─── DATA

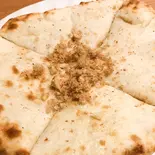 ココナッツナン(Coconut Naan)（ダージリンスパイス潮見店）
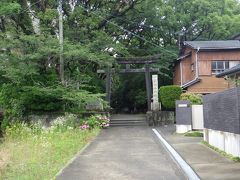 それから、熊野三所神社に入ります。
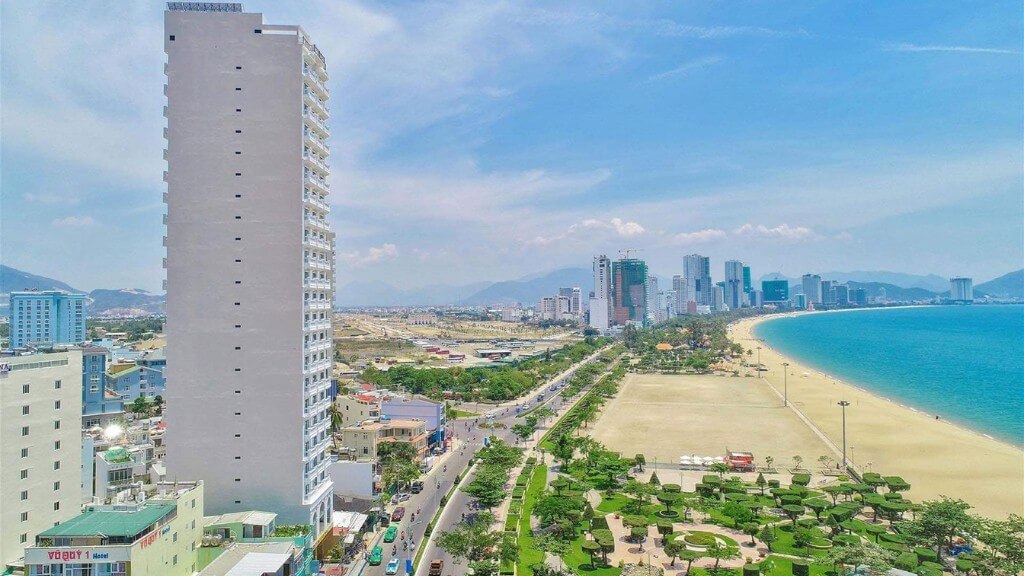 Khách sạn Xavia Nha Trang tọa lạc gần bãi biển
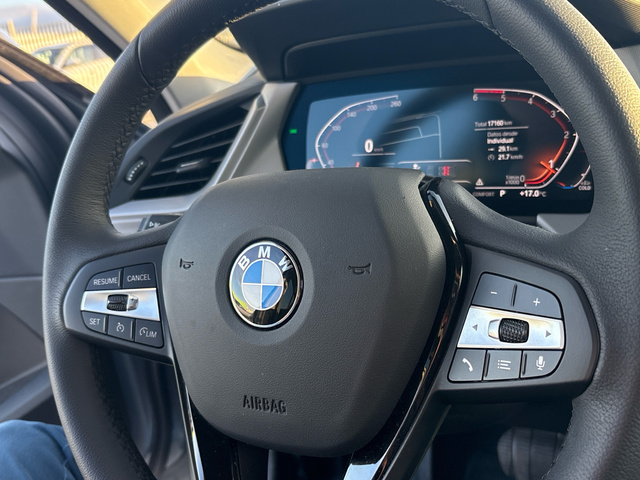 BMW Serie 1 118d color Gris. Año 2024. 110KW(150CV). Diésel. En concesionario BYmyCAR Madrid - Algete de Madrid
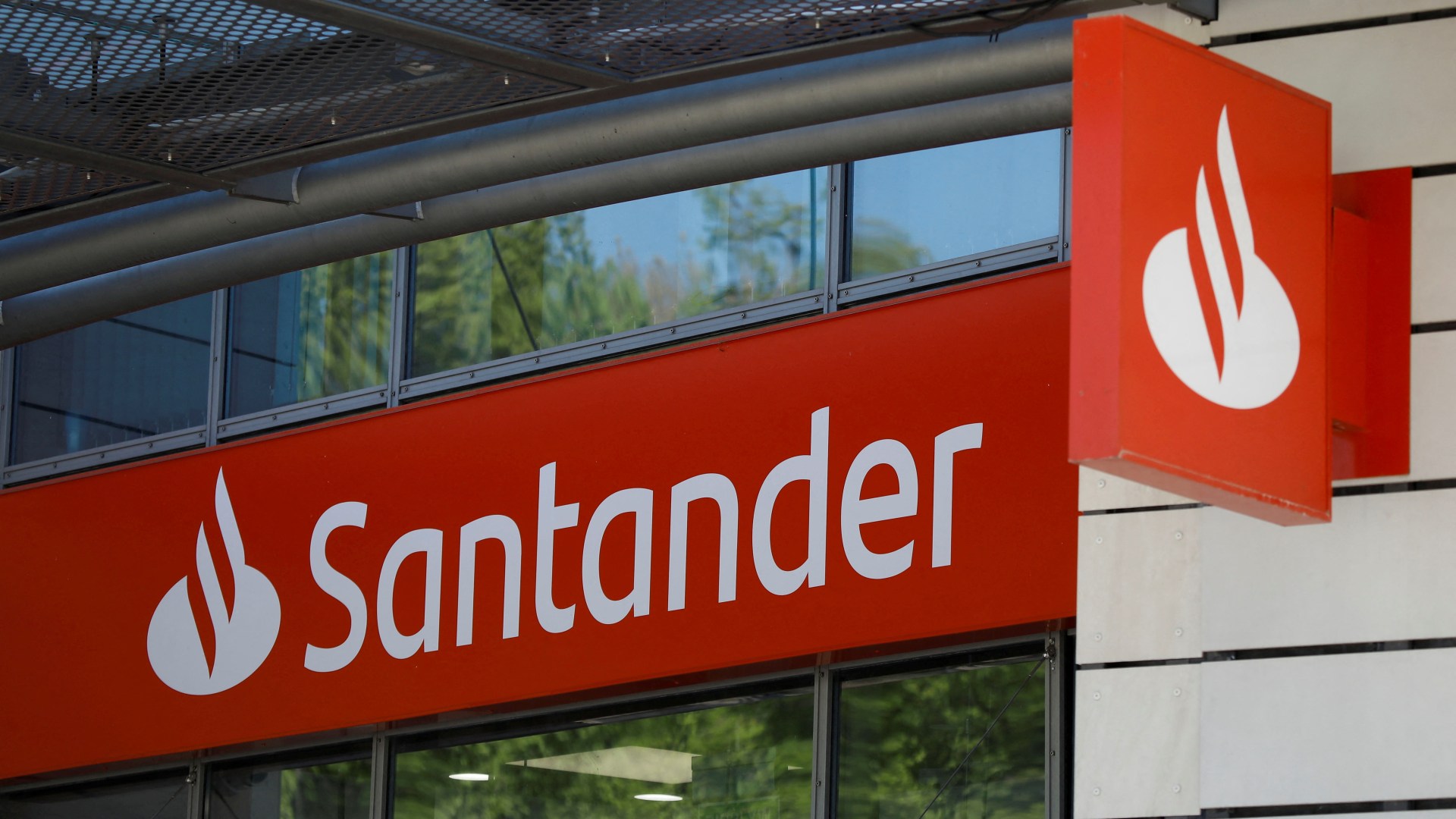 Santander down UPDATES: Banking app back online after three-hour outage causes chaos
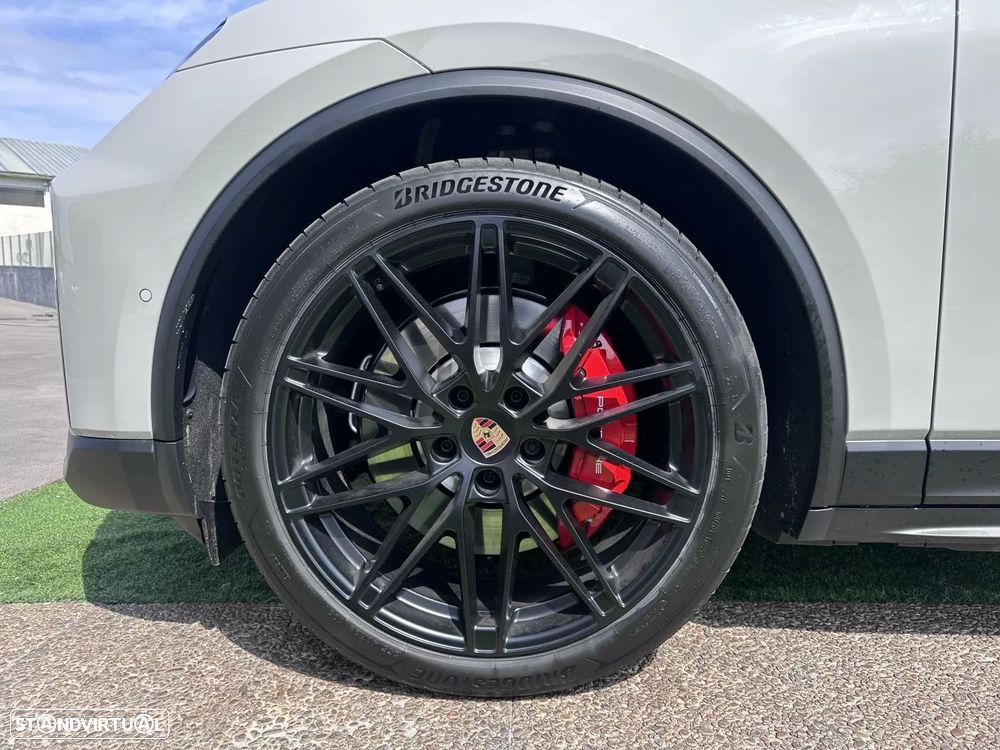 Porsche Macan Electric GTS - 23
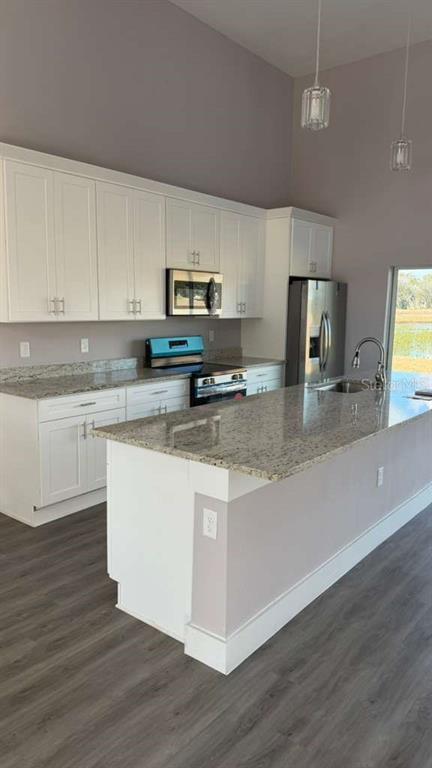 Building Photo - 6805 Heavitree Dr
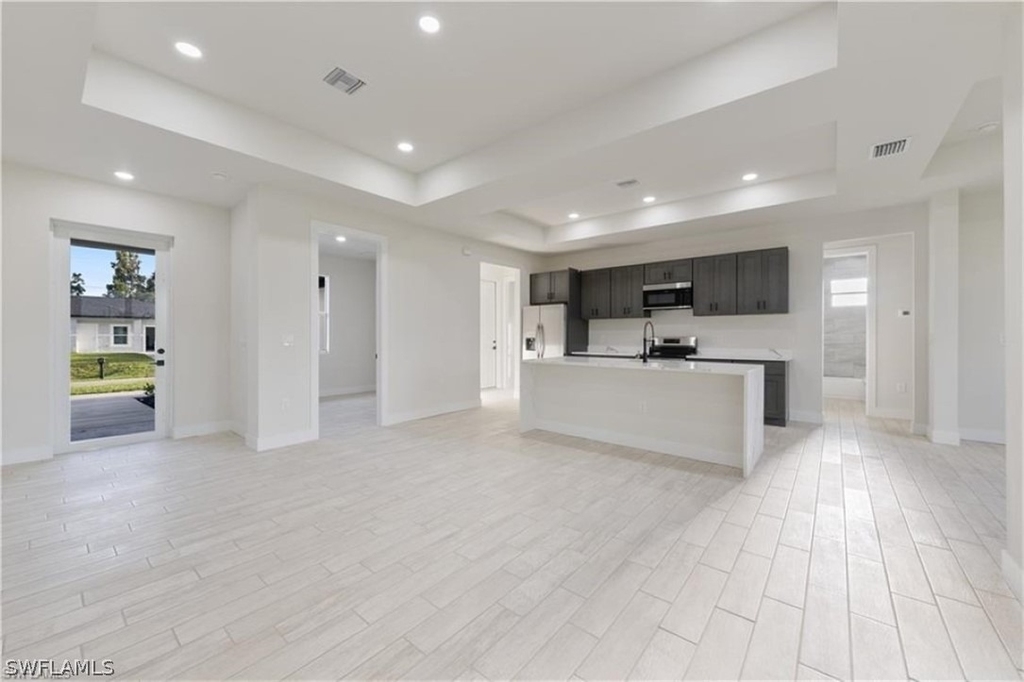 3008 23rd Street Sw - Photo 5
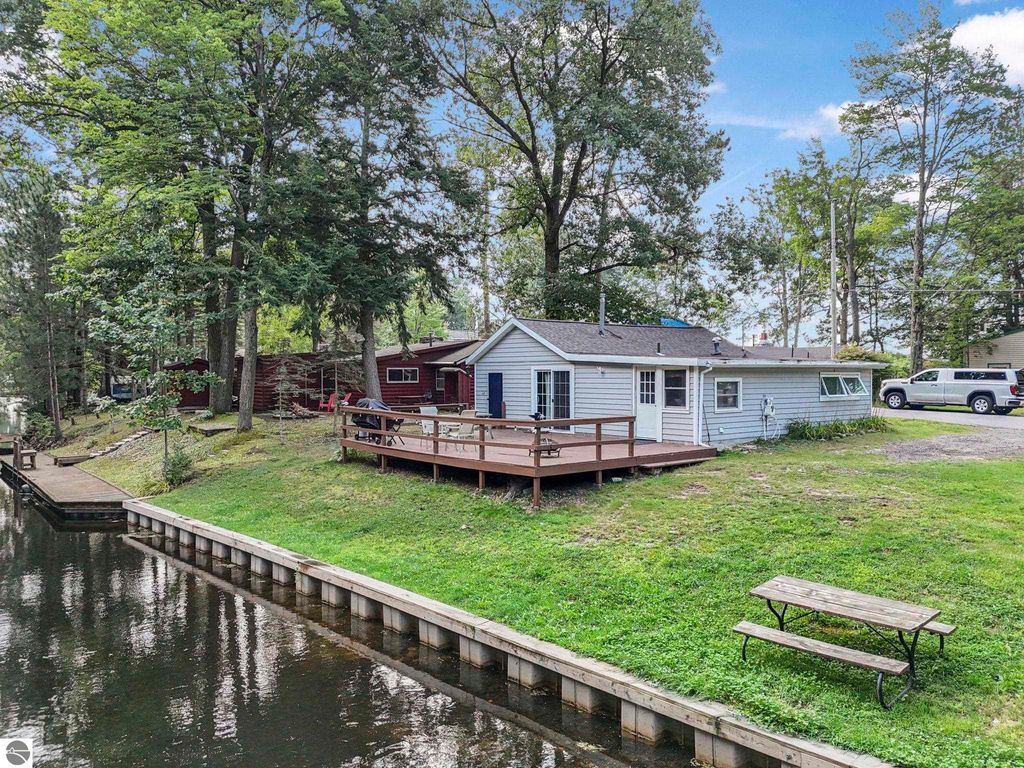 Photo of 256 W Lake Drive, Cadillac, MI 49601 (MLS # 1937521)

──────

### GOAL OF THE EXERCISE:
Take the lines from the one holding "3008 23rd Street Sw - Photo 5" through the final line of the listing above and copy them exactly, both ends included, with no pictures.

### ANSWER BOX:
 3008 23rd Street Sw - Photo 5
 Photo of 256 W Lake Drive, Cadillac, MI 49601 (MLS # 1937521)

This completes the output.